McConkey incluye también poemas de Marianne Moore y William Butler Yeats, fragmentos de Habla, memoria, de Vladimir Nabokov y de Para enseñar a hablar a una piedra, de Annie Dillard, y el ensayo de Clara Claiborne Park “La madre de las musas”, donde se refrenda la importancia que los griegos le daban a la memoria desde los tiempos de Homero.
Muchas de las páginas de la antología se dedican a “La naturaleza de la memoria” y a “La memoria de la naturaleza” y rescatan tanto la teoría del inconsciente colectivo de Jung como Las vidas de la célula, de Lewis Thomas, la memoria en su instancia más elemental, la de la célula.
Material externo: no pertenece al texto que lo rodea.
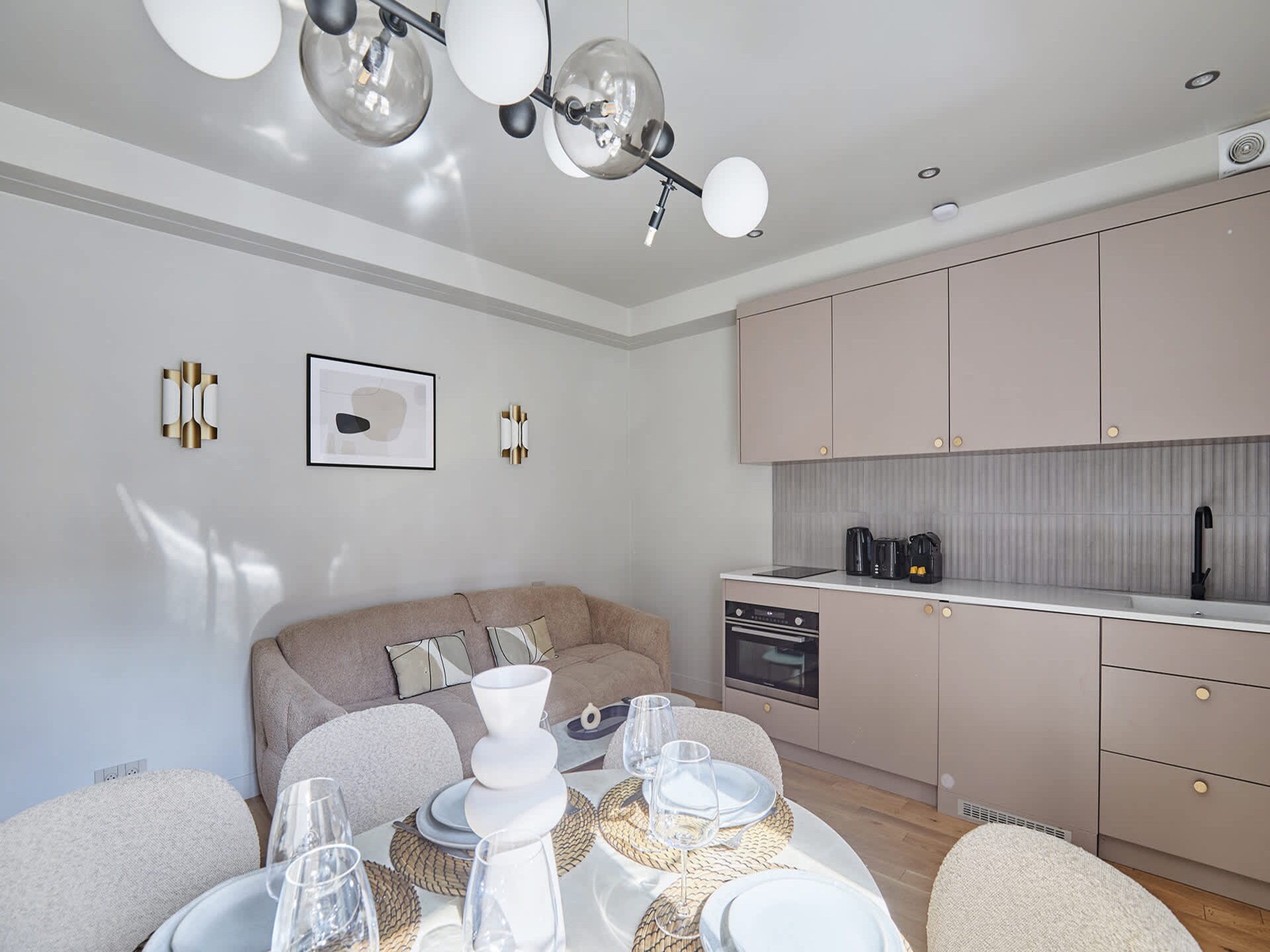 Stijlvol appartement in de Marais, vlakbij Place des Vosges voor 6 personen - foto 2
Debemos a la memoria una doble perspectiva, escribe McConkey: no sólo el pasado informa el presente, también el presente colorea el pasado. Nuestro sentido del tiempo va cambiando con los años. En la infancia era más lento, más dilatado. Al llegar a la mediana edad, el tiempo se acelera y, en una suerte de presbicia de la memoria, recordamos mejor las cosas más lejanas en el tiempo que las vividas la semana pasada. A esta edad sentimos más la dimensión trágica de la vida y también su riqueza. A diferencia de otros animales, los seres humanos nos volvemos trágicos “porque podemos imaginar nuestra propia extinción”. Pero nada como la memoria nos ayuda a mantenernos a flote y a prepararnos para el final.